A Performance Comparison of 6 Stream Oriented XML Parsers

Introduction

This article compares the performance of six implementations of a single program that processes XML. Each implementation uses a different XML Parser and four different languages are used: C, Java, Perl, and Python. Only a single parser is tested for Perl and Python, but two parsers each are tested for C and Java. All the parsers are stream oriented. An application must provide callbacks (or their equivalent) in order to receive information back from the parser. While some of them have a validating mode, all the parsers were run as non-validating parsers. When I say that a single program was implemented six times, I mean that each implementation produces (or should produce) exactly the same output for a given input document. But as long as that constraint was met, I attempted to write each in the most efficient manner for the given language and parser.

Executive Summary

There aren't many surprises here. The C parsers (especially expat) are very fast, the script-language parsers are slow, and the Java parsers occupy a middle ground for larger documents. However for smaller documents (less than .5 Meg), the Perl and Python parsers are actually faster than either Java parser tested.

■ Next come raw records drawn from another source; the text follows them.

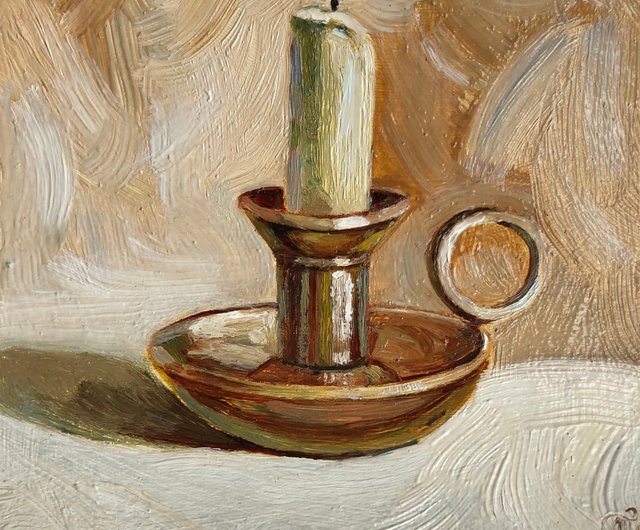 燭台原創油ビデオ 燭台オリジナル油絵ウォールアート手作り 6 x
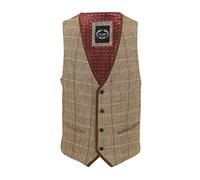 Xposed Mens Tweed Check Waistcoats Oak Brown Grey 1920s Retro Herringbone Smart Tailored Fit Vests [AMZCH-PWC-CARLO-B5-BROWN-46]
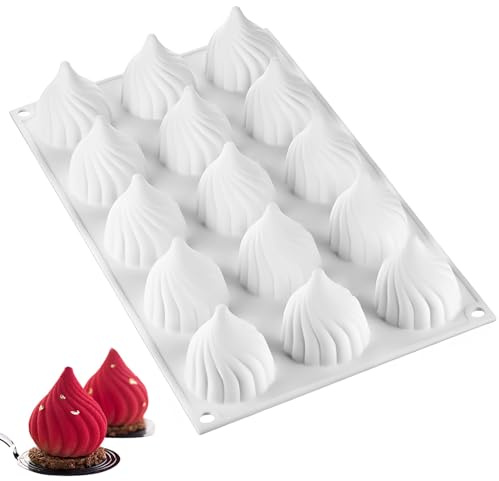 KOMUNJ 15 Löcher zwiebel silikonform，für das Cupcake Backen,Seife Backform,Pudding, Schokolade (Zwiebel/Spiralform)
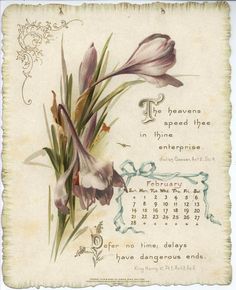 an old calendar with flowers on it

These tests only measure execution performance. Sometimes programmer performance is more important. I have no numbers, but I can report that for ease of implementation, the Perl and Python programs were easiest to write, the Java programs less so, and the C programs were the most difficult.

Full Disclosure

But first, let me come clean. I'm the maintainer of one of the parsers measured here, the perl module XML::Parser. I have an interest in making it look good. But I'm providing here everything I used to come up with my numbers. So you're welcome to download what I've got and try it out for yourself. Also, since I'm more experienced in Perl and C than Java and Python, gurus of those two languages may want to comb through the implementations written in them, checking for newbie mistakes.

What motivated me to run this experiment was a discussion on the performance (or lack thereof) of XML::Parser on the perl-xml mailing list. I asked the question, "How does XML::Parser compare to the competition?" Either I got no answers or the answers were comparing apples and oranges, in my opinion. (For instance, comparing XML::Parser to the Unix grep utility.) So I decided to take one of the sample programs contained in the XML::Parser distribution, xmlstats, and implement it using different parsers.

The humble xmlstats program

I described this program in my September article at this site. It produces a top down statistical report on the elements in an XML document: the number of occurrences, breakdown of the number of children, parents, and attributes, and character count. I think this is a good exercise for a parser since:

  1. it does something useful
  2. it processes every start tag and piece of text
  3. yet it doesn't do too much work beyond parsing.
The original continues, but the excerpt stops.